Sur la décision fixant le pays de destination :
12. Il résulte de ce qui a été dit au point 11 du présent arrêt que la décision portant obligation de quitter le territoire français doit être annulée. M. B est dès lors fondé à soutenir que, par voie de conséquence, la décision fixant le pays à destination duquel cette obligation de quitter le territoire français est susceptible d’être exécutée d’office doit être annulée également.
13. Il résulte de tout ce qui précède que M. B est seulement fondé à soutenir que c’est à tort que, par le jugement attaqué, le tribunal administratif de Montreuil a rejeté sa demande tendant à l’annulation de la décision lui faisant obligation de quitter le territoire français et de celle fixant le pays de renvoi.

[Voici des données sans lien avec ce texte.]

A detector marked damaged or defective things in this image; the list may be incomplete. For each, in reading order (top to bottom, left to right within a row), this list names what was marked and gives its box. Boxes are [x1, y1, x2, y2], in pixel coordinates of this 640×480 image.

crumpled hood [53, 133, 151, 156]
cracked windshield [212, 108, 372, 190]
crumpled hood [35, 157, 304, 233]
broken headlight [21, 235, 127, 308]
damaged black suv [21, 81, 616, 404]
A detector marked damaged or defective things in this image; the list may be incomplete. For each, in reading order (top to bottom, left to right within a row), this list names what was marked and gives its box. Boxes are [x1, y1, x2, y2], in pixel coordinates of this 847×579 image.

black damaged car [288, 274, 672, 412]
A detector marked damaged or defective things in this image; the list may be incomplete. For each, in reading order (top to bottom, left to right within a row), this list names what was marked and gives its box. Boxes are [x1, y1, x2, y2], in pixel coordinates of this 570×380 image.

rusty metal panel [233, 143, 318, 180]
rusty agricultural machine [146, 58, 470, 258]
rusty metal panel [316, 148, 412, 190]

L’annulation de ces deux décisions n’impliquant ni la délivrance d’un titre de séjour, ni le réexamen de la situation de l’intéressé, ses conclusions à fin d’injonction doivent être rejetées.

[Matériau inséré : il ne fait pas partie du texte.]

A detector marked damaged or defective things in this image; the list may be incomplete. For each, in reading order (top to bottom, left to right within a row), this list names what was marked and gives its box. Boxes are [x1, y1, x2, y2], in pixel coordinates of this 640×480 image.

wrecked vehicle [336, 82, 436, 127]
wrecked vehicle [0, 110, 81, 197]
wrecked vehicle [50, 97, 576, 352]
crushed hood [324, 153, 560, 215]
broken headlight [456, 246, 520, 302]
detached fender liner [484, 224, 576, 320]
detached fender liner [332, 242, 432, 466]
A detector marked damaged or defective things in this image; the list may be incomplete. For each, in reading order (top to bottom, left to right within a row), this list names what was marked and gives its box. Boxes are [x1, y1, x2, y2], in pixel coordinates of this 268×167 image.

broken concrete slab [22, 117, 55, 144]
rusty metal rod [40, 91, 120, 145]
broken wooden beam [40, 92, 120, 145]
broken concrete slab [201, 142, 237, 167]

Sur les frais d’instance :
14. Il n’y a pas lieu, dans les circonstances de l’espèce, de mettre à la charge de l’Etat la somme demandée par le conseil de M. B sur le fondement des dispositions combinées des articles L. 761-1 du code de justice administrative et 37 de la loi du 10 juillet 1991.
DECIDE :
Article 1er : Le jugement n° 2208337 du 10 novembre 2023 du tribunal administratif de Montreuil est annulé en tant qu’il rejette la demande M. B aux fins d’annulation des décisions du 28 septembre 2021 lui faisant obligation de quitter le territoire français et fixant le pays de destination.
Article 2 : Les décisions du préfet de la Seine-Saint-Denis du 28 septembre 2021 faisant obligation de quitter le territoire français à M. B et fixant le pays à destination duquel il pourra être reconduit d’office sont annulées.
Article 3 : Le surplus de la requête d’appel de M. B est rejeté.
Article 4 : Le présent arrêt sera notifié à M. A B, au ministre d’Etat, ministre de l’intérieur et au préfet de la Seine-Saint-Denis.
Copie en sera adressée au directeur général de l’Office français de l’immigration et de l’intégration.
Délibéré après l’audience du 6 mai 2025, à laquelle siégeaient :
— Mme Milon, présidente de la formation de jugement en application de l’article R. 222-26 du code de justice administrative,
— M. Dubois, premier conseiller,
— Mme Lellig, première conseillère.
Rendu public par mise à disposition au greffe, le 27 mai 2025.
Le rapporteur,
J. DUBOISLa présidente,
A. MILON
La greffière,
E. VERGNOL
La République mande et ordonne au ministre d’Etat, ministre de l’intérieur en ce qui le concerne, ou à tous commissaires de justice à ce requis en ce qui concerne les voies de droit commun contre les parties privées, de pourvoir à l’exécution de la présente décision.